Une circonstance particulière encouragea Chaumette à oser. Vers la fin de l'été, il fut appelé à Nevers auprès de son père malade. Là-bas, il prit contact avec le Représentant Fouché qui avait été envoyé en mission dans la Nièvre. Fouché avait, aux yeux de la démagogie, deux gros péchés à effacer : au début de la Convention, il avait ménagé et presque courtisé la droite ; en outre il avait jadis enseigné chez les oratoriens, et il s'en était même fallu de peu qu'il ne devint prêtre. Aussi était-il arrivé de Paris avec le dessein de parler si haut et d'agir si violemment que les plus rigides eux-mêmes n'hésiteraient pas à l'absoudre. Il n'avait rien négligé de ce qui pourrait lui valoir, non seulement l'amnistie, mais l'éloge. Une fille lui étant née, il lui conféra une sorte de baptême civique célébré avec une pompe bruyante, et lui donna le nom de Nièvre. Un peu plus tard il se transporta dans l'une des églises de la ville et y placa solennellement le buste de Brutus. Puis, légiférant de sa propre autorité, il rendit un arrêté qui imposait à tout prêtre l'obligation de se marier dans le mois, et, s'il était trop vieux, d'adopter un enfant ou de nourrir un vieillard. Pendant son séjour à Nevers, Chaumette put noter chacun de ces actes, y applaudir et s'en pénétrer. Il regagna bientôt Paris, très piqué d'émulation, très animé contre toutes les formes religieuses et très travaillé de cette ambition des malfaisants et des débiles qui aiment à détruire, s'ils ne peuvent se hausser jusqu'à fonder.
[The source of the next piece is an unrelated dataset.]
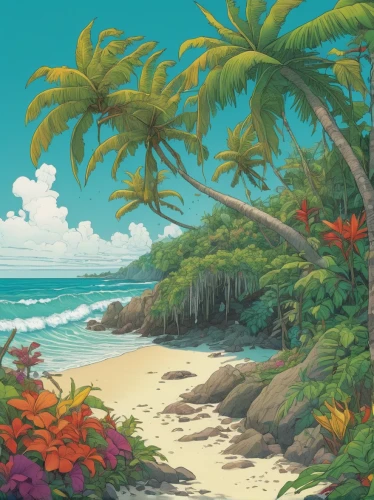 tropical beach,beach landscape,tropical sea,tropical floral background,beach scenery,tropics,tropical island,coastal landscape,honolulu,dream beach,caribbean beach,palmtrees,luau,jamaica,mountain beach,paradise beach,ocean paradise,tropical bloom,an island far away landscape,coconut trees,Illustration,Realistic Fantasy,Realistic Fantasy 04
Il se trouva que dans les provinces, Fouché avait des émules. Dans la Somme, le représentant André Dumont, personnage plus bruyant d'ailleurs que cruel, appropriait pour les fêtes civi<ques la cathédrales d'Amiens, et transférait à la maison d'arrêt les vieux prêtres reclus ; puis il activait la spoliation des églises et soumettait à une sorte de police spéciale "tout prêtre, suisse, bedeau et autres de cette espèce". En même temps, Laplanche à Bourges invitait publiquement les prêtres à se marier. Par les journaux, les correspondances, Chaumette n'ignorait rien de ces manifestations qui achevaient de l'enflammer. Le 14 octobre, sur sa proposition, le Commune interdit tout exercice extérieur du culte dans Paris. En ces jours-là mêmes, l'ouverture et la mutilation des tombes de Saint-Denis, ordonnées dès le mois d'août par la Convention, stimulaient dans la populace le goût de profaner. Sur ces entrefaites, le procureur de la Commune reçut, dans le courrier venu de la Nièvre, la copie d'un arrêté de Fouché qui ordonnait la destruction de tous signes religieux dans les cimetières. Tout charmé de cette "philosophie", Chaumette lut l'arrêté à ses collègues qui ne manquèrent pas d'applaudir. Si l'on proscrivait les emblèmes du cultes sur la tombe des défunts, qu'était-il besoin de les maintenir ailleurs ? Ainsi pensèrent à l'Hôtel de ville les gens de la Commune qui, le 23 octobre, décidèrent l'enlèvement de toutes les effigies religieuses dans Paris. Par l'abolition de tous les signes extérieurs n'arriverait-on pas bientôt à l'abolition du culte lui-même ? Là résidait l'espoir de Chaumette et de ses amis.

Histoire religieuse de la Révolution française
T. 3, 3è éd. - 1919
Pierre de La Gorce

 

Wikipédia : Pierre-Gaspard Chaumette, dit Anaxagoras Chaumette, né à Nevers (Nièvre), le 24 mai 1763 et mort à Paris le 13 avril 1794, fut procureur de la Commune de Paris pendant la Révolution française. Porte-parole des sans-culottes, il lutta pour l'Abolition de l'esclavage et fut condamné à la guillotine avec les Hébertistes.